In India, the world’s largest democracy, the relationship between crime and politics raises complex questions. Free and fair elections exist alongside rampant criminality, and political parties recruit candidates with reputations for wrongdoing. Voters elect and reelect officials with active criminal investigations pending against them, and today nearly a third of state and national legislators in India assume office with pending criminal charges.
On March 1, 2017, political scientist and Carnegie Endowment for International Peace Senior Fellow Milan Vaishnav gave a lecture on his new book, When Crime Pays: Money and Muscle in Indian Politics (2017). This comprehensive study of the nexus of crime and democracy in India scrutinizes political campaigns, party workers, voters, and candidates to offer a comprehensive analysis of corruption and crime in India’s political system—an issue that has far-reaching implications for the study of democracy both within and beyond India’s borders. Sanford J. Ungar, former director of Voice of America and former host of All Things Considered on National Public Radio, served as a discussant and moderator.

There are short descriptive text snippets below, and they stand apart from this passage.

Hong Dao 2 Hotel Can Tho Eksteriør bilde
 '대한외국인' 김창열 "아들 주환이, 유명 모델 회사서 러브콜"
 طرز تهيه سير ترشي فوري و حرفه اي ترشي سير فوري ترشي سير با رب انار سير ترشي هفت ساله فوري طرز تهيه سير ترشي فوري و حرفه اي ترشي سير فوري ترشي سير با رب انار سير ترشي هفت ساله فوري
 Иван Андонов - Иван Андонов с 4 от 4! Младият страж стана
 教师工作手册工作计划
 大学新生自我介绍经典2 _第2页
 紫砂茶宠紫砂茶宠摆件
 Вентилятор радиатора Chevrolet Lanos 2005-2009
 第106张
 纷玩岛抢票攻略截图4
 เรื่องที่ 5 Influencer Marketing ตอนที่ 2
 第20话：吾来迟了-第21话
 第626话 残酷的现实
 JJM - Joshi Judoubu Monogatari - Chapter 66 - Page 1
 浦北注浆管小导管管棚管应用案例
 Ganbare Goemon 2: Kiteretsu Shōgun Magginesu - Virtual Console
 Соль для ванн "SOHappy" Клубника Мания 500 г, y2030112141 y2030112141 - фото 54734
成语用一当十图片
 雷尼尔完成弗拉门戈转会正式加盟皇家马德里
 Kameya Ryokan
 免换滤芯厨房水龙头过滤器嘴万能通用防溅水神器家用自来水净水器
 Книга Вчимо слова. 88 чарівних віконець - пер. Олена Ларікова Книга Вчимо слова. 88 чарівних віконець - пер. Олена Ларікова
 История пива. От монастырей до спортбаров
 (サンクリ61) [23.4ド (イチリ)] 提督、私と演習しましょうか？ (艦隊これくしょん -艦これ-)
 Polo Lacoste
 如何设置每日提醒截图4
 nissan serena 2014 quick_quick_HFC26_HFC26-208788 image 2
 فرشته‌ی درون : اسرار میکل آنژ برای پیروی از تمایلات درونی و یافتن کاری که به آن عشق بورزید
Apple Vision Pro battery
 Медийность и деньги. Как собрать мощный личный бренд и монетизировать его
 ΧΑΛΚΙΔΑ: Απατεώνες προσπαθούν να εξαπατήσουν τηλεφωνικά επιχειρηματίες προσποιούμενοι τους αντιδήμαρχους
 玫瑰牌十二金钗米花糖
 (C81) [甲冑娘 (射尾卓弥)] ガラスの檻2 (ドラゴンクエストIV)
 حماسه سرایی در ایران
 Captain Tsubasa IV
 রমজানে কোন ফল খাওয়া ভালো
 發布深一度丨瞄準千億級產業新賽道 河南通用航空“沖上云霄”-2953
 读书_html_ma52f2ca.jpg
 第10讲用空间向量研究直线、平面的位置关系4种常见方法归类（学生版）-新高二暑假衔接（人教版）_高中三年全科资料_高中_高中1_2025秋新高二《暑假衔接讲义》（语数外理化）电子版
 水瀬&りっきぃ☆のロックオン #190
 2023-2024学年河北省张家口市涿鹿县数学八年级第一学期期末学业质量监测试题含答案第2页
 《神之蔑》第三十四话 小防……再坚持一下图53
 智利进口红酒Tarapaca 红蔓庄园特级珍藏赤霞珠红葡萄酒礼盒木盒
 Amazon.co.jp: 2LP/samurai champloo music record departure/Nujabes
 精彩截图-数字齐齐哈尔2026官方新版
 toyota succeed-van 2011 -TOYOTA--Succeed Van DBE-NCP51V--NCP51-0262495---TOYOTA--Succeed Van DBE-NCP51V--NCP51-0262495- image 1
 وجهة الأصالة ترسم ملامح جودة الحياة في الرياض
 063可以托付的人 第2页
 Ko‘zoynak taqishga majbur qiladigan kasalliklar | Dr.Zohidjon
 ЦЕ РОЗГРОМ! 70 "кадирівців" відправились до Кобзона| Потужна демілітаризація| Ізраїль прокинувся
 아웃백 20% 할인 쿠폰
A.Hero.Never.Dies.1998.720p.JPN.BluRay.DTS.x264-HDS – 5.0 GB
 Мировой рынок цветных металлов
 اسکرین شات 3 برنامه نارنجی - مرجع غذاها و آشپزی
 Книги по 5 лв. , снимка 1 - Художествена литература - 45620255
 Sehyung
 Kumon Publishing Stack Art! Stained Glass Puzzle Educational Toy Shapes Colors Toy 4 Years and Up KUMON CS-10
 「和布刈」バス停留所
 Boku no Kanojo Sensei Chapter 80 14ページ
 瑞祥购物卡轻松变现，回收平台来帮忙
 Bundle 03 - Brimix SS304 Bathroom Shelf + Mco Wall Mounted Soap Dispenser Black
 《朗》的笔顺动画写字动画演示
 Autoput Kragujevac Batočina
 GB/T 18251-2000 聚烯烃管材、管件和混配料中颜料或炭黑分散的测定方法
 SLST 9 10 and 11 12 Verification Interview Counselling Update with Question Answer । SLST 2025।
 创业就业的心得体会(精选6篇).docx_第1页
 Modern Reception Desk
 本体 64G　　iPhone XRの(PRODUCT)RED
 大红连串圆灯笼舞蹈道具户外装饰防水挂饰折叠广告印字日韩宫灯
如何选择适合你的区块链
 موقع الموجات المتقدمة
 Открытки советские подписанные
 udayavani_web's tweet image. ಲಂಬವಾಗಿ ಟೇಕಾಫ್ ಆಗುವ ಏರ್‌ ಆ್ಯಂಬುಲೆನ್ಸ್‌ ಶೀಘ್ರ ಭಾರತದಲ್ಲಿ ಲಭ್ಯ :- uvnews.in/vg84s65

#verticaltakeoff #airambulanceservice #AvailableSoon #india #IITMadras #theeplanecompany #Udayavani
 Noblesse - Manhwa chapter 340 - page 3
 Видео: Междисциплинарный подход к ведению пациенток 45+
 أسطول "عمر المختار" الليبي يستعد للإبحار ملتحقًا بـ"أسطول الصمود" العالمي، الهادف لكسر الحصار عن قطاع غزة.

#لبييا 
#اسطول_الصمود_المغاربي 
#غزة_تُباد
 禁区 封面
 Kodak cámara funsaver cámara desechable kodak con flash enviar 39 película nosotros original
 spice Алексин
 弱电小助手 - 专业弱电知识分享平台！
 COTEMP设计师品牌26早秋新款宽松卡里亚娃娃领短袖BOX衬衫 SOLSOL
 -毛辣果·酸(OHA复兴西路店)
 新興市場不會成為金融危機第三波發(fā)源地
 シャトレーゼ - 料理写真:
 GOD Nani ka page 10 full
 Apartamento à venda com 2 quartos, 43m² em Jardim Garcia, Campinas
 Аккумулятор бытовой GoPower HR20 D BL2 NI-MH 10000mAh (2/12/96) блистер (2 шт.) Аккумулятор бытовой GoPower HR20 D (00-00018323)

Milan Vaishnav is a senior fellow in the South Asia Program at the Carnegie Endowment for International Peace. His research focuses on India’s political economy, with a particular emphasis on corruption, governance, state capacity, distributive politics, and electoral behavior.
Sanford J. Ungar is a journalist, author, and former president of Goucher College. He is also the former director of Voice of America and host of several programs on National Public Radio.